*Stored data:*
-.-.-
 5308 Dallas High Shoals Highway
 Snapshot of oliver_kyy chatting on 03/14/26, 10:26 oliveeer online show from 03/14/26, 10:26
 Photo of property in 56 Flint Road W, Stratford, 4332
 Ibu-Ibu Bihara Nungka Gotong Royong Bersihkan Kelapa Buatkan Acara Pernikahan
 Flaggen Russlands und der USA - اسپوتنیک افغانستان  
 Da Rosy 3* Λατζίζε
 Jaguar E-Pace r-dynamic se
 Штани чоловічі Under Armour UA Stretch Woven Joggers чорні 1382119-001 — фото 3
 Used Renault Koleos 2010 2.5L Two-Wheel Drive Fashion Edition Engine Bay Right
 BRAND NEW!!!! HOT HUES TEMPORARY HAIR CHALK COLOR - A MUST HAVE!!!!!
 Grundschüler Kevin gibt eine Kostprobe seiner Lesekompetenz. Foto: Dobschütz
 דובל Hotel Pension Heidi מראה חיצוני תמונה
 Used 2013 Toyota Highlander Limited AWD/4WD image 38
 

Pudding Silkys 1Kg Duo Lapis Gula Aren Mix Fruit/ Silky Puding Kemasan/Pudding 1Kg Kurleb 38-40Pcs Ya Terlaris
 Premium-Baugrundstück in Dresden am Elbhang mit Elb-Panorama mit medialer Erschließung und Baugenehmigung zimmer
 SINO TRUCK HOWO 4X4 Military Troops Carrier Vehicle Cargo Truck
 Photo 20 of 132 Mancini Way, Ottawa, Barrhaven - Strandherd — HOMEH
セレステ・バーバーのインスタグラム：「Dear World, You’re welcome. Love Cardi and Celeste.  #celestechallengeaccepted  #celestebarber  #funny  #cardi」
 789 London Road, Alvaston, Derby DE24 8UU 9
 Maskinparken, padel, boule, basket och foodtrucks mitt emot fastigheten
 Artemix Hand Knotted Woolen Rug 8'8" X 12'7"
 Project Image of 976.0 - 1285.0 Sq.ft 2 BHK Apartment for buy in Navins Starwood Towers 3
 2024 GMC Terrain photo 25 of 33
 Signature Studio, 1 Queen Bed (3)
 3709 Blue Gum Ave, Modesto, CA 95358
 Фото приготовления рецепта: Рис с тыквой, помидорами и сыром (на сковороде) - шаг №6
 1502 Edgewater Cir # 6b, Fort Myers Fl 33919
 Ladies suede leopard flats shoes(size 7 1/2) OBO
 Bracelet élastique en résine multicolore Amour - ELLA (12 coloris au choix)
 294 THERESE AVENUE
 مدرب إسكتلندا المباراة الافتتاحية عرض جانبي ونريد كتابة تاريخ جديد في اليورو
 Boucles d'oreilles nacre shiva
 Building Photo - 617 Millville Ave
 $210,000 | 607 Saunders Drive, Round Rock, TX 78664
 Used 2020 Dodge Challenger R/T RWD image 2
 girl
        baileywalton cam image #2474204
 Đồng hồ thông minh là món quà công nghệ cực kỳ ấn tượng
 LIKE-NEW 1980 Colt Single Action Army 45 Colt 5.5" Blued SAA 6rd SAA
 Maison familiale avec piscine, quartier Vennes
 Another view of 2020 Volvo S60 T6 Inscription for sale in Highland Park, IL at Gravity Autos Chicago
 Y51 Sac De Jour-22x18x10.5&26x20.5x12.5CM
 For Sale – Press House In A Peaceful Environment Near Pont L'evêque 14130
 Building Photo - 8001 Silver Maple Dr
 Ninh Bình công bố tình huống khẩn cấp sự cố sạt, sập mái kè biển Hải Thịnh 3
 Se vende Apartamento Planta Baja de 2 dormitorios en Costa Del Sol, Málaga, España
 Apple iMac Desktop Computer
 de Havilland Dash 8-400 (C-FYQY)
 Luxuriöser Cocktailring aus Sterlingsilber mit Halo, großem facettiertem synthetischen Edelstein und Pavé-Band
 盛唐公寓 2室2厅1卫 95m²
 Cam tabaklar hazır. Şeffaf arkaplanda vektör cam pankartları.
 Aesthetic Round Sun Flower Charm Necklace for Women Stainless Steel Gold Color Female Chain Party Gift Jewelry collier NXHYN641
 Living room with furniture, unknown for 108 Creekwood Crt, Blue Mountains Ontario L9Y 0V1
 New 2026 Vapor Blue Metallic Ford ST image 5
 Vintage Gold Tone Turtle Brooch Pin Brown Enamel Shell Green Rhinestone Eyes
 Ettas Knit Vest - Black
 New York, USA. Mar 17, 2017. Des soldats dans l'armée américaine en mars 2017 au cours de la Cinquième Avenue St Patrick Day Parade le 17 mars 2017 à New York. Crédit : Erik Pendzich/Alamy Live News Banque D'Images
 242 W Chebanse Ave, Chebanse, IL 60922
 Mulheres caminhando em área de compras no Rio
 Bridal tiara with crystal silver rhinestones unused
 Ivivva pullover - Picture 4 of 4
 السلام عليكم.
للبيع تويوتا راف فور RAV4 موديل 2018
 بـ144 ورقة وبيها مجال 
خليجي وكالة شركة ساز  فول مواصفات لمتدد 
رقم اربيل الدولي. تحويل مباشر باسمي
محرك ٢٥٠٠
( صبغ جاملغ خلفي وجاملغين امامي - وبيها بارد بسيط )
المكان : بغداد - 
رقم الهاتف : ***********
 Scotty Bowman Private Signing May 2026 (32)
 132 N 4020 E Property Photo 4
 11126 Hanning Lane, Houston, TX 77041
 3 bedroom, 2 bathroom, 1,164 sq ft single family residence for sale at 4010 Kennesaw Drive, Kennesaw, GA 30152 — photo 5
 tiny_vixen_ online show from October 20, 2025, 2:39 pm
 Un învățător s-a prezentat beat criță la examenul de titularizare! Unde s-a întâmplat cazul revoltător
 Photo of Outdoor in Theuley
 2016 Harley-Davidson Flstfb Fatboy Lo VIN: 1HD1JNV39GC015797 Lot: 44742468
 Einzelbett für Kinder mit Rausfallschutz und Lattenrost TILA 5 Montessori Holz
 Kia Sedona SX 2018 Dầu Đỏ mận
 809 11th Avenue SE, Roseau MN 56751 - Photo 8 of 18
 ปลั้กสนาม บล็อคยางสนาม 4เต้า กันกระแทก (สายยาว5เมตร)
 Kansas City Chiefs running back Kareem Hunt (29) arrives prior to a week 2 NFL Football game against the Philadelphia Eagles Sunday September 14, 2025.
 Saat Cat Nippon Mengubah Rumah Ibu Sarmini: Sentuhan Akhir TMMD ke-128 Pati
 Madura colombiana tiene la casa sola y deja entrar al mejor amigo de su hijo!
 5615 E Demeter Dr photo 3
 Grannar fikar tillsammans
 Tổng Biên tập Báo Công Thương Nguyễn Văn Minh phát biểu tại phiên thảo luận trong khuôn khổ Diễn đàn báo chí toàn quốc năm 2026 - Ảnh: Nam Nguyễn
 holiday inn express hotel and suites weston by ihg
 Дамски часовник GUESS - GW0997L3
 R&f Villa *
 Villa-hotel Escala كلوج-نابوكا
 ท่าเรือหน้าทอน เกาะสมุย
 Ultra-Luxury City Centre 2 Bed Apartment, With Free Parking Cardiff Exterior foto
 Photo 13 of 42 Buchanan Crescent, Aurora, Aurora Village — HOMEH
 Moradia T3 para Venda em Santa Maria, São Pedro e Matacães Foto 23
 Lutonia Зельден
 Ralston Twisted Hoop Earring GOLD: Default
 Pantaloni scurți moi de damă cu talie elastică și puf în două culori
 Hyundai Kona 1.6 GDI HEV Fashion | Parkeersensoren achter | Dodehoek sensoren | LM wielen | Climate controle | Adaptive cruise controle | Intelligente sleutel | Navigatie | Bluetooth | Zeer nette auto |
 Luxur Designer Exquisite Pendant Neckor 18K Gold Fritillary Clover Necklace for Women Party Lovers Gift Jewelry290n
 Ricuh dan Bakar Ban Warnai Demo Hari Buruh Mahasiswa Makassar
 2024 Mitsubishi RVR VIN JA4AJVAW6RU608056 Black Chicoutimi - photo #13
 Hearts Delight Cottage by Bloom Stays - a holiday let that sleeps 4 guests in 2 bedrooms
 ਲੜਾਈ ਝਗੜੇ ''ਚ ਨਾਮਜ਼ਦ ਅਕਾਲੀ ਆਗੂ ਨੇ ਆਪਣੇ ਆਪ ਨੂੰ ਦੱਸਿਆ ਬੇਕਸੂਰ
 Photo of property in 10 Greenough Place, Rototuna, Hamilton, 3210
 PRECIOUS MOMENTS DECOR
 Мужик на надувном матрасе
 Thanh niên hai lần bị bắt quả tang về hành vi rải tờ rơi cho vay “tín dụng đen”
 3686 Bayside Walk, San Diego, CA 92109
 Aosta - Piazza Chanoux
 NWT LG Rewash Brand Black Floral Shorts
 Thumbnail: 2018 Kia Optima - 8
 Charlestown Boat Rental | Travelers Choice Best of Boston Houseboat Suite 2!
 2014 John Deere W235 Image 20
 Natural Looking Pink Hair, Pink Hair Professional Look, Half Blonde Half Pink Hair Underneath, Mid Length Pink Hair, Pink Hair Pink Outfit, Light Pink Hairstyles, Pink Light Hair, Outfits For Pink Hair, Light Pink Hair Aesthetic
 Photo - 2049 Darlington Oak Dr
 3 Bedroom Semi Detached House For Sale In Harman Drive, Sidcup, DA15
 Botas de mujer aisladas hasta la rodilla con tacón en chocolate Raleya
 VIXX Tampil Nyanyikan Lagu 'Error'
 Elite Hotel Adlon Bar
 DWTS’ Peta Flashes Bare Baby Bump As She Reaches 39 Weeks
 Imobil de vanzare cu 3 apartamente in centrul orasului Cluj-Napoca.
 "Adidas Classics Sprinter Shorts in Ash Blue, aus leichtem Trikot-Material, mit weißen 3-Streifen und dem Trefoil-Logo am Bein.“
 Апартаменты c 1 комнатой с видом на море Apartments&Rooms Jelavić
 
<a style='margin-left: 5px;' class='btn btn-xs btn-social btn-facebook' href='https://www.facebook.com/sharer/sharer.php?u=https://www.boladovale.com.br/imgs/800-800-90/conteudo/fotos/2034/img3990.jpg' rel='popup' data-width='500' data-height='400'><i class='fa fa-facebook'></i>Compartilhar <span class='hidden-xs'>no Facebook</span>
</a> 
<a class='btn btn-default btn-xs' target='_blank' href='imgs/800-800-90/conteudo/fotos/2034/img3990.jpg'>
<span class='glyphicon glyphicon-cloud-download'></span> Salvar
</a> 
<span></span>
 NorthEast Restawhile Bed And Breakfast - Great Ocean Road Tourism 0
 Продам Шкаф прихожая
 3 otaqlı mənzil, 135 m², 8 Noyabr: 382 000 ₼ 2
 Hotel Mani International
-.-.-
Only the lines above starting with the one with "Cam tabaklar hazır." and going through the one with "Ettas Knit Vest - Black" are to be copied, word for word and with both ends kept.

 Cam tabaklar hazır. Şeffaf arkaplanda vektör cam pankartları.
 Aesthetic Round Sun Flower Charm Necklace for Women Stainless Steel Gold Color Female Chain Party Gift Jewelry collier NXHYN641
 Living room with furniture, unknown for 108 Creekwood Crt, Blue Mountains Ontario L9Y 0V1
 New 2026 Vapor Blue Metallic Ford ST image 5
 Vintage Gold Tone Turtle Brooch Pin Brown Enamel Shell Green Rhinestone Eyes
 Ettas Knit Vest - Black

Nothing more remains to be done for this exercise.